Data extract section start

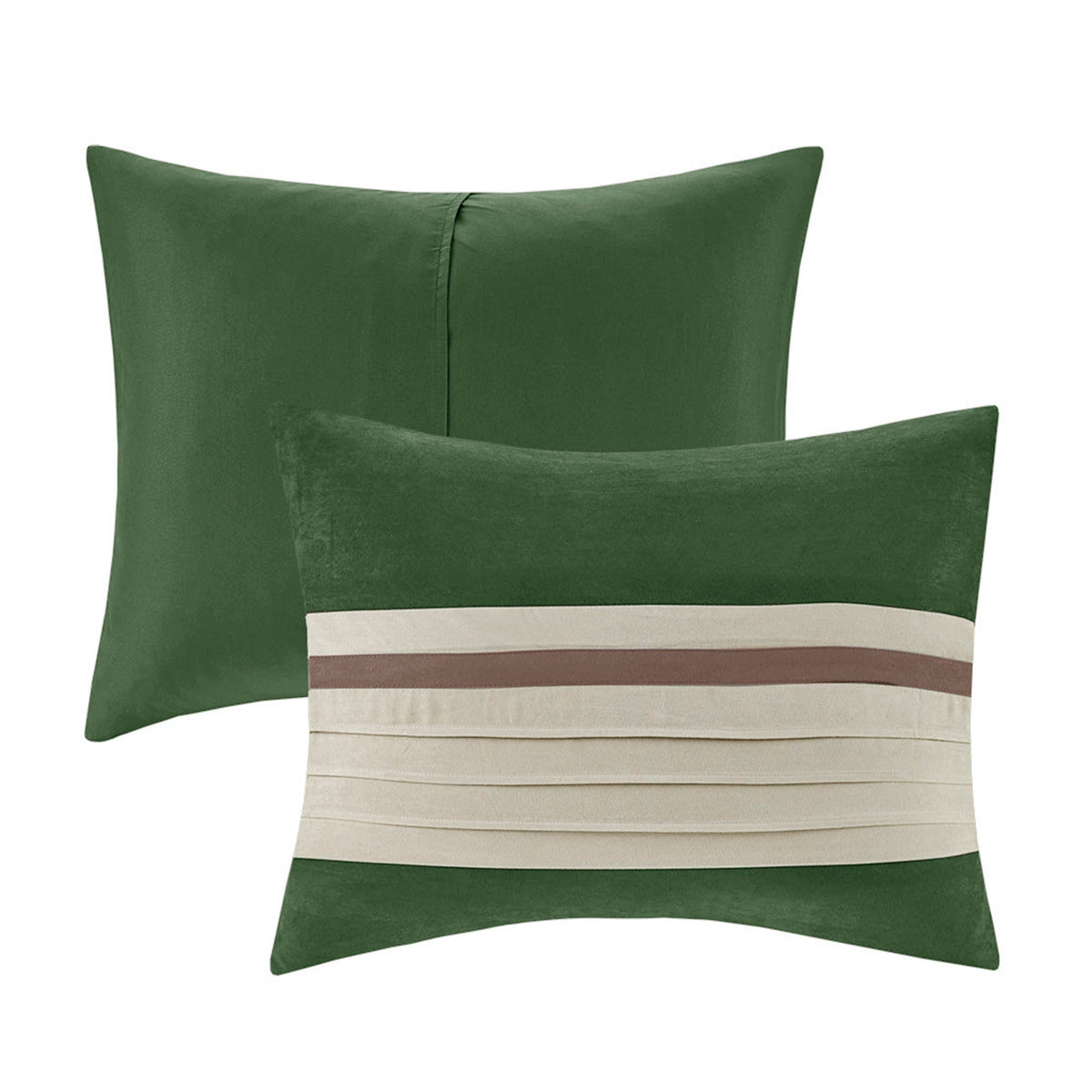 7 PC Pieced Faux Suede Comforter Set Green Cal King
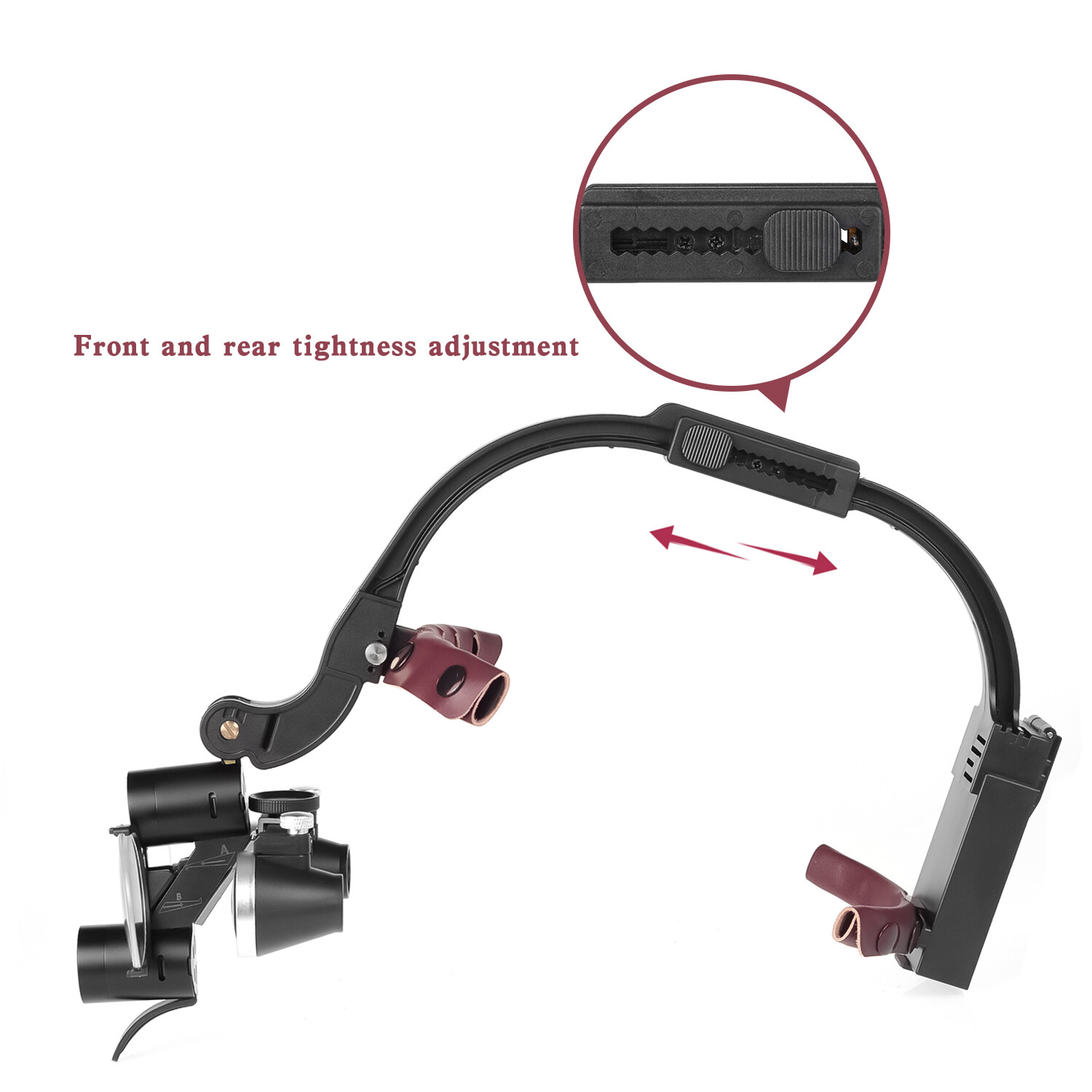Dental Optical 5W Wireless LED Headlight Two LED Lights+3.5X-420 Loupes+AL-BOX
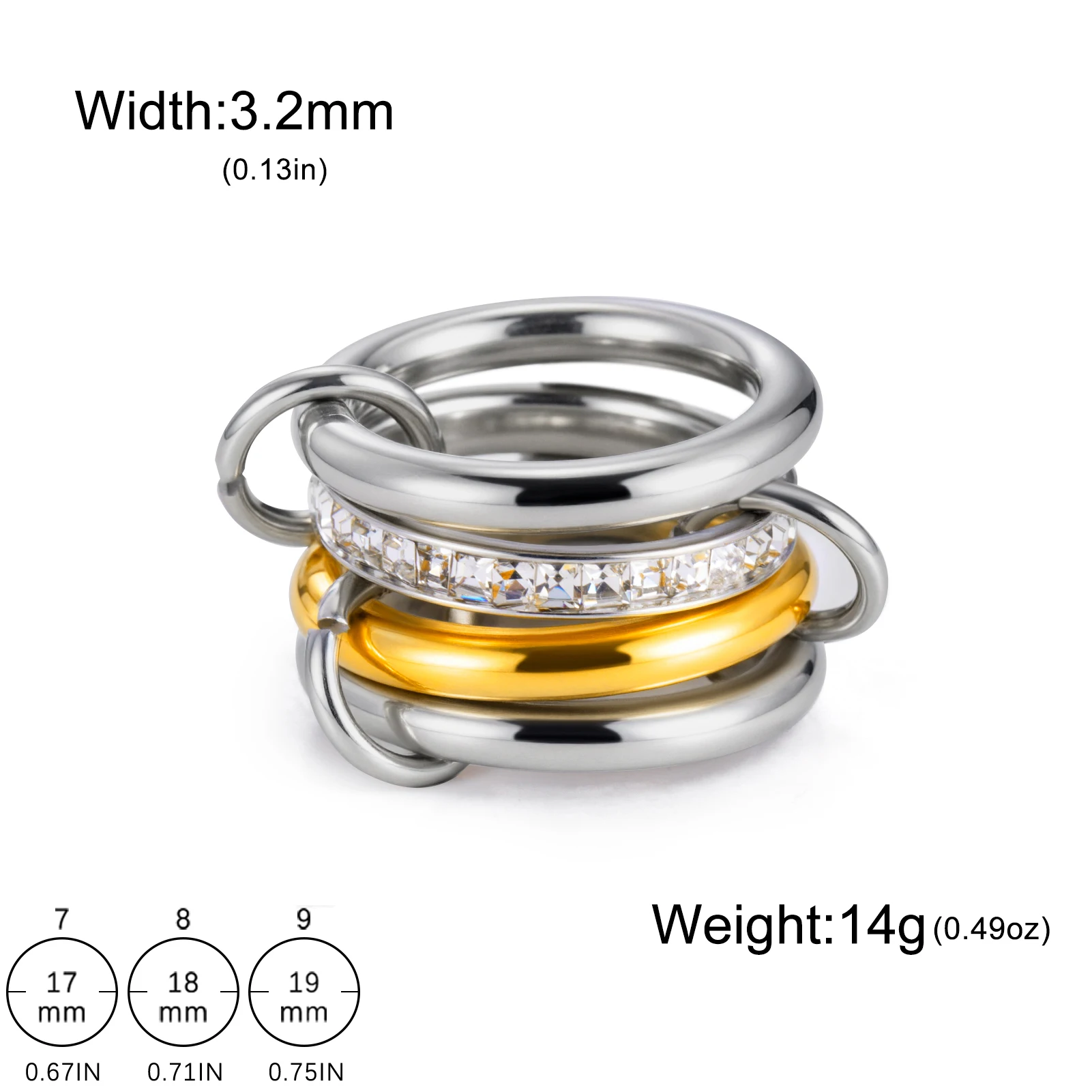 Multi-Layer Stainless Steel Women's Ring with Zircon Accents 9 Multi-Layer Stainless Steel Women's Ring with Zircon Accents - Image 9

Data extract section end

Exercise: Each line of the data above must be repeated exactly, images excluded.

Exercise answer:
 7 PC Pieced Faux Suede Comforter Set Green Cal King
Dental Optical 5W Wireless LED Headlight Two LED Lights+3.5X-420 Loupes+AL-BOX
 Multi-Layer Stainless Steel Women's Ring with Zircon Accents 9 Multi-Layer Stainless Steel Women's Ring with Zircon Accents - Image 9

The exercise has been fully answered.